> **TASK BRIEF**
Repeat the records exactly. Leave out the pictures.
[Start of Attachment]
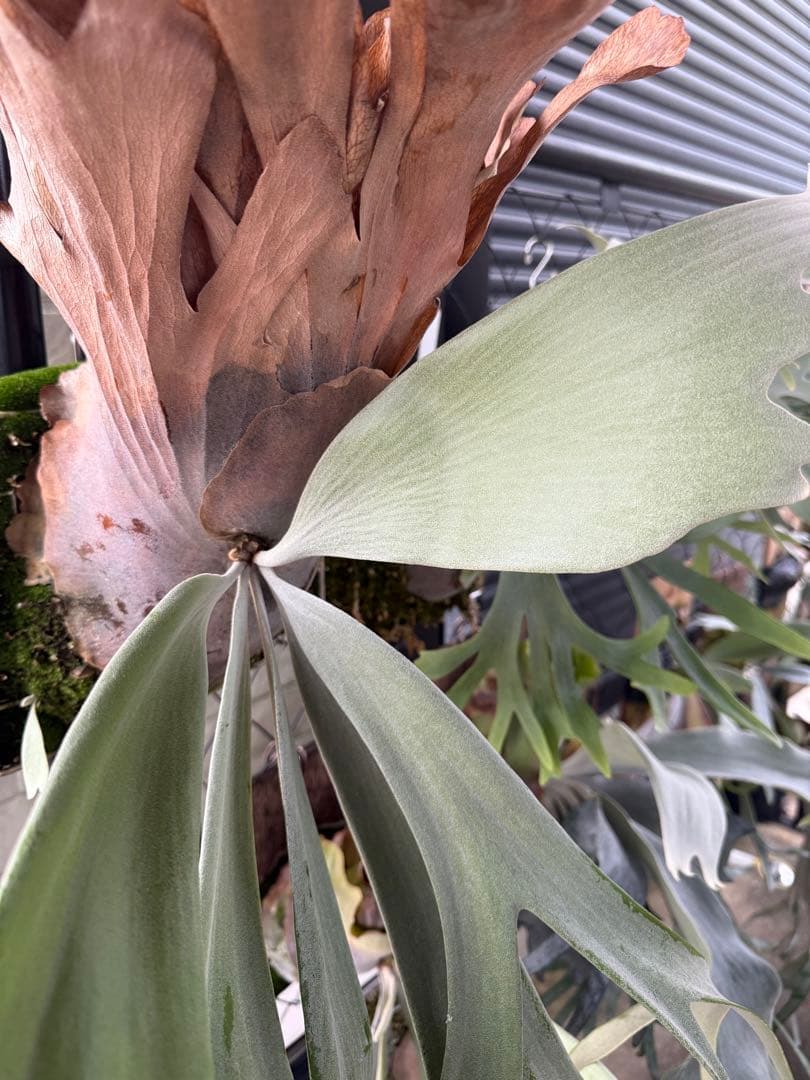 P.willinckii White rose ホワイトローズ 胞子 ビカクシダ - メルカリ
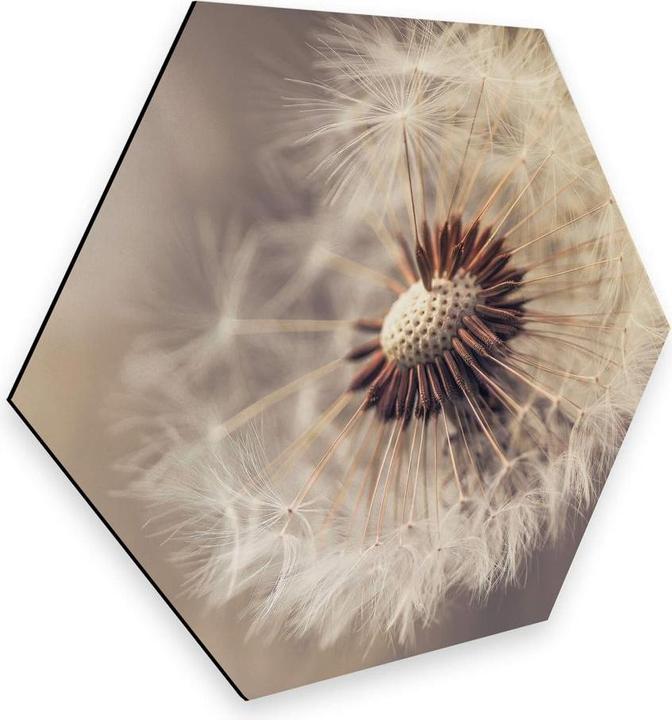 Image du produit Trenddeko Delgado - Pissenlit (55 x 47 cm)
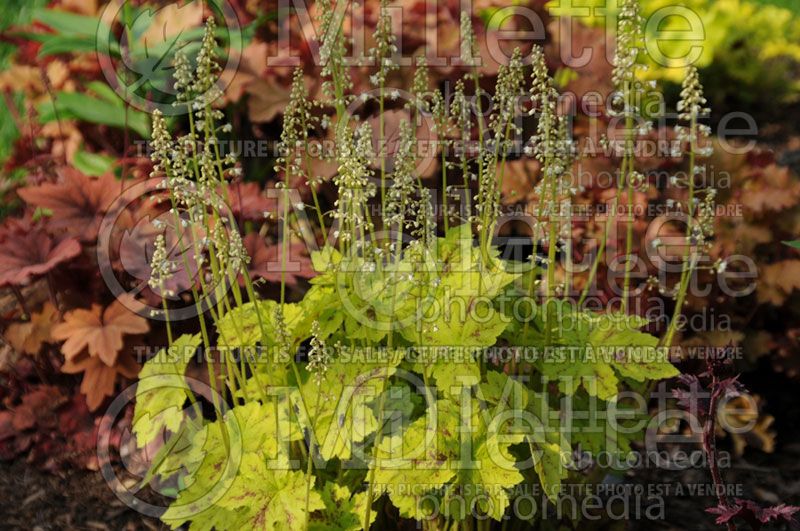 Heucherella Solar Power (Foamy Bells) 2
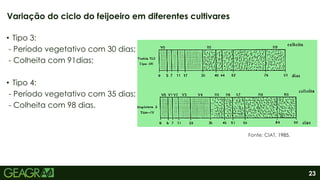 23
• Tipo 3:
- Período vegetativo com 30 dias;
- Colheita com 91dias;
• Tipo 4:
- Período vegetativo com 35 dias;
- Colheita com 98 dias.
Variação do ciclo do feijoeiro em diferentes cultivares
Fonte: CIAT, 1985.
 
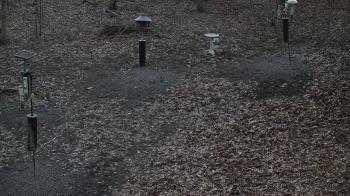 Weather camera view of Cincinnati Nature Center.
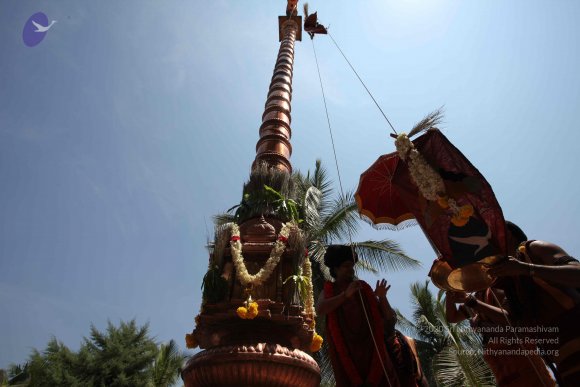 20160301_Photo_1095_IMG_8356_CMP_WM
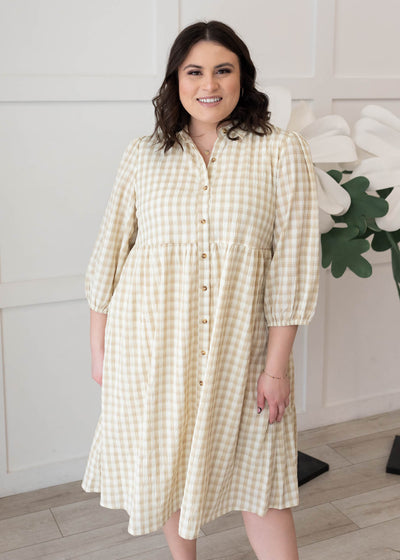 Cambree Taupe Gingham Button Down Dress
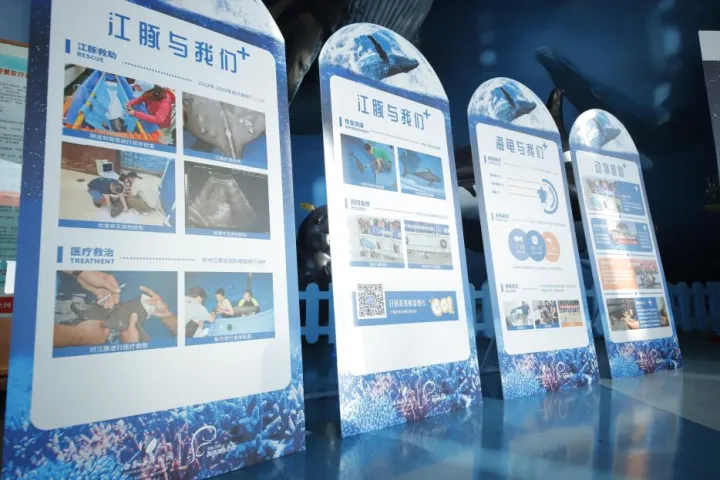 天津野生动物保护中心地址，2021天津水生野生动物保护科普宣传月活动在天津海昌启动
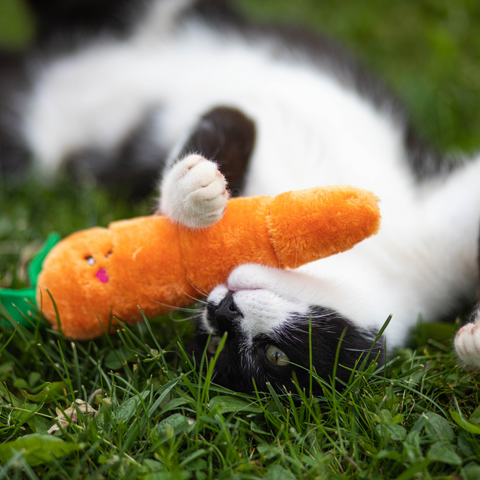 Cat playing with a toy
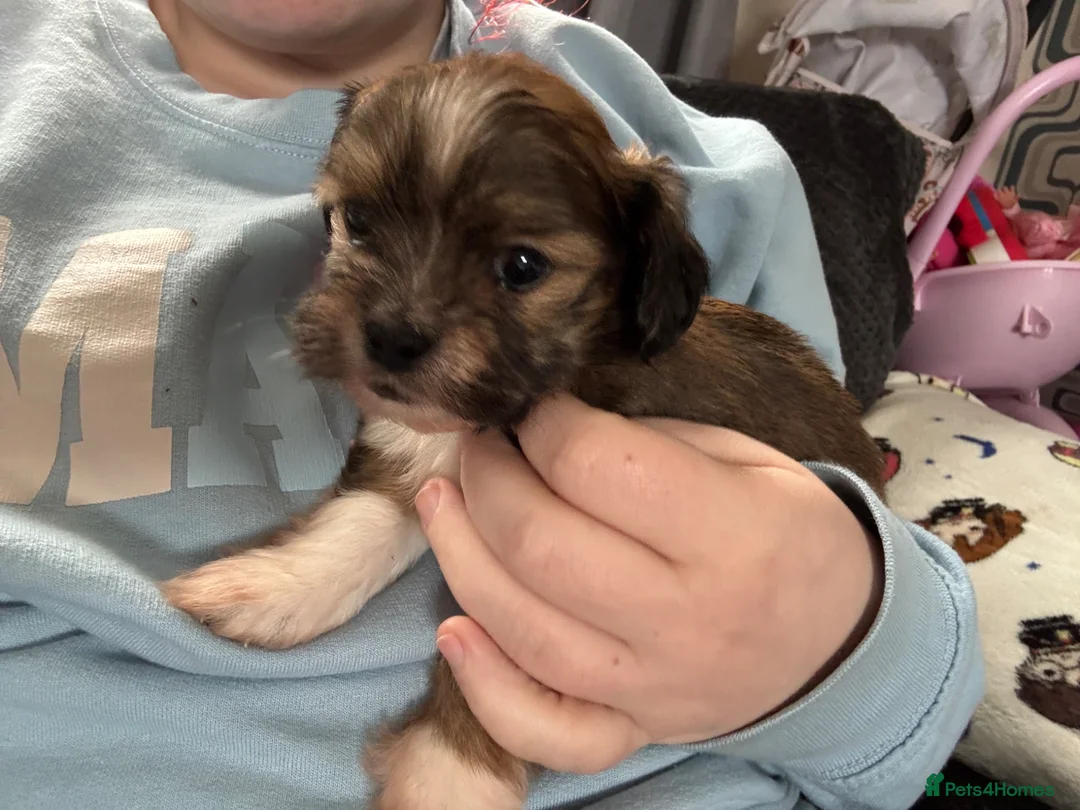 Mixed Breed dogs for sale: Lhasa Apso X Yorkie - Advert 1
[End of Attachment]
> **OUTPUT OF THE TASK**
 P.willinckii White rose ホワイトローズ 胞子 ビカクシダ - メルカリ
 Image du produit Trenddeko Delgado - Pissenlit (55 x 47 cm)
 Heucherella Solar Power (Foamy Bells) 2
 23
• Tipo 3:
- Período vegetativo com 30 dias;
- Colheita com 91dias;
• Tipo 4:
- Período vegetativo com 35 dias;
- Colheita com 98 dias.
Variação do ciclo do feijoeiro em diferentes cultivares
Fonte: CIAT, 1985.
 
 Weather camera view of Cincinnati Nature Center.
 20160301_Photo_1095_IMG_8356_CMP_WM
 Cambree Taupe Gingham Button Down Dress
 天津野生动物保护中心地址，2021天津水生野生动物保护科普宣传月活动在天津海昌启动
 Cat playing with a toy
 Mixed Breed dogs for sale: Lhasa Apso X Yorkie - Advert 1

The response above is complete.